Do you know the fable of the jackdaw that tried to be a peacock? He thought the peacocks were very fine birds, and he admired their beautiful tails and their grand manners. So one day he picked up some of their old feathers that were lying about the yard and stuck them in his own tail. And then he went to call on the peacocks. But the peacocks were not a bit taken in. First they laughed at him, and then they ran at him and plucked out his borrowed feathers. And when he returned to the jackdaws they would have nothing to do with him either, because he had thought himself too grand for them and only fit to be a peacock.

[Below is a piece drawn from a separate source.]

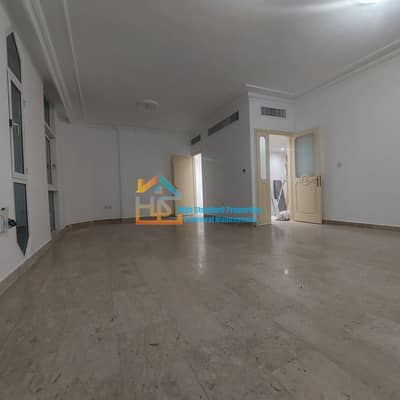 3 Bedroom Flat for Rent in Hamdan Street, Abu Dhabi - WhatsApp Image 2024-04-29 at 4.38. 19 PM. jpeg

So the silly jackdaw learned too late that it is better to be a real jackdaw than an imitation peacock, it is better to be true and humble than false and grand.

The people who pretend to be greater than they are, are called “snobs.” But there is something worse even than being a snob, and that is being a hypocrite. And that is the name we give to those who pretend to be better than they are.

On a hill near Bath there stands a building that looks like a fine castle. But it isn't a castle at all; it is only a wall built to look like a castle, and the people there call it “Sham Castle.”

You wouldn't like just to be shams, would you, empty shams that are of no use to anybody? Then be real and true. Scorn all deceitful ways. Be the kind of boy and girl whose word can be relied on, the kind of boy and girl whom everybody can trust. Be upright and downright at all times. Then you will never run the risk of being anything else than what you seem to be.